Exporting Models and Checkpoints

After training a model that achieves satisfactory performance, it is often important to export the model for use outside Determined (e.g., to deploy the model as part of a web service or on an embedded device). In the current version of Determined, exporting models is supported by copying the checkpoints that are automatically created during the training process.

A checkpoint includes the model definition (Python source code), experiment configuration file, network architecture, and the values of the model’s parameters (i.e., weights) and hyperparameters. When using a stateful optimizer during training, checkpoints will also include the state of the optimizer (i.e., learning rate). Users can also embed arbitrary metadata in checkpoints via a Python API.

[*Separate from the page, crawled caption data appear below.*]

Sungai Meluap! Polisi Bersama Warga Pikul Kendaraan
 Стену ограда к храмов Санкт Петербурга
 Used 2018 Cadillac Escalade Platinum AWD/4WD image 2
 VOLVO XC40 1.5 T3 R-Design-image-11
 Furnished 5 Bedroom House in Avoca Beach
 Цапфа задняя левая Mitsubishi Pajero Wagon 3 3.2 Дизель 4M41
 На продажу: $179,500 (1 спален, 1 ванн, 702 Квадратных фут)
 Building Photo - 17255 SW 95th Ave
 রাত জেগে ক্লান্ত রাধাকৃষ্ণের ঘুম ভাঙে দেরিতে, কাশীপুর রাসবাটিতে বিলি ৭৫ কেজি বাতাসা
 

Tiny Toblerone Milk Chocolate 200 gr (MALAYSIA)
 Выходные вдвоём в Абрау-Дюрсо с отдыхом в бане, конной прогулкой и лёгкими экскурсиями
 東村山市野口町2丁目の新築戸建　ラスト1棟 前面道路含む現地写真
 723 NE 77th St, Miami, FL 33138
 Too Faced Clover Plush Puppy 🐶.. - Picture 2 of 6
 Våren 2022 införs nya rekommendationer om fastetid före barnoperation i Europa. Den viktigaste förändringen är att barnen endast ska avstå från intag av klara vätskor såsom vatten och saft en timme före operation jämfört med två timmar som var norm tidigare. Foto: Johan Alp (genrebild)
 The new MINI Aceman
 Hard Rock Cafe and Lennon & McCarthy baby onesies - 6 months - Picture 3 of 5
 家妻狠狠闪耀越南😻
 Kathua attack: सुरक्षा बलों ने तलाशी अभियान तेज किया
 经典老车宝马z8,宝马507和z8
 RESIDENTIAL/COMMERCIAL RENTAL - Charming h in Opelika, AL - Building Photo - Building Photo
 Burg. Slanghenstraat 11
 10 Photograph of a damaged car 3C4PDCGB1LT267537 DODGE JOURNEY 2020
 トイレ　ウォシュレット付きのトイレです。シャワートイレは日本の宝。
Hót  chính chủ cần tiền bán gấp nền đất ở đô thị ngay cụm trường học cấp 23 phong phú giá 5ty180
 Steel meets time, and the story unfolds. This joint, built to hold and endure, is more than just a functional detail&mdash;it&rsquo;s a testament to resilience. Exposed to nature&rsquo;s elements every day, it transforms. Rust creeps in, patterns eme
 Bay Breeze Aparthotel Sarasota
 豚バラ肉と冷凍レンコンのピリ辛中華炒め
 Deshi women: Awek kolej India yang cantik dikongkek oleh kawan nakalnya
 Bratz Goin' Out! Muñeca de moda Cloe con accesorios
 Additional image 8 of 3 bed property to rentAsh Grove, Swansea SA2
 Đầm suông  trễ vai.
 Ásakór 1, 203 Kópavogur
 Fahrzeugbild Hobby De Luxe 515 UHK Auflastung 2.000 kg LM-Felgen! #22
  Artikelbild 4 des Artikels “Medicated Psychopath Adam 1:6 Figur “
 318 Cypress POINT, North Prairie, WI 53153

The exact checkpoint format depends on the application framework being used:

TensorFlow Estimator

Trials are checkpointed using the SavedModel format. Please consult the TensorFlow documentation for details on how to restore models from the SavedModel format.

TensorFlow Keras

Trials are checkpointed to a file named determined-keras-model.h5 using tf.keras.models.save_model. You can learn more from the TF Keras docs.

PyTorch

Trials are checkpointed as a state-dict.pth file. This file is created in a similar manner to the procedure described in the PyTorch documentation. Instead of the fields in the documentation linked above, the dictionary will have four keys: models_state_dict, optimizers_state_dict, lr_schedulers_state_dict, and callbacks, which are the state_dict of the models, optimizers, LR schedulers, and callbacks respectively.

Determined will automatically create checkpoints for each trial in an experiment. Checkpoints are created in four situations:

  1. When Determined suspends training of a trial at one agent, before later resuming training that trial at a different agent.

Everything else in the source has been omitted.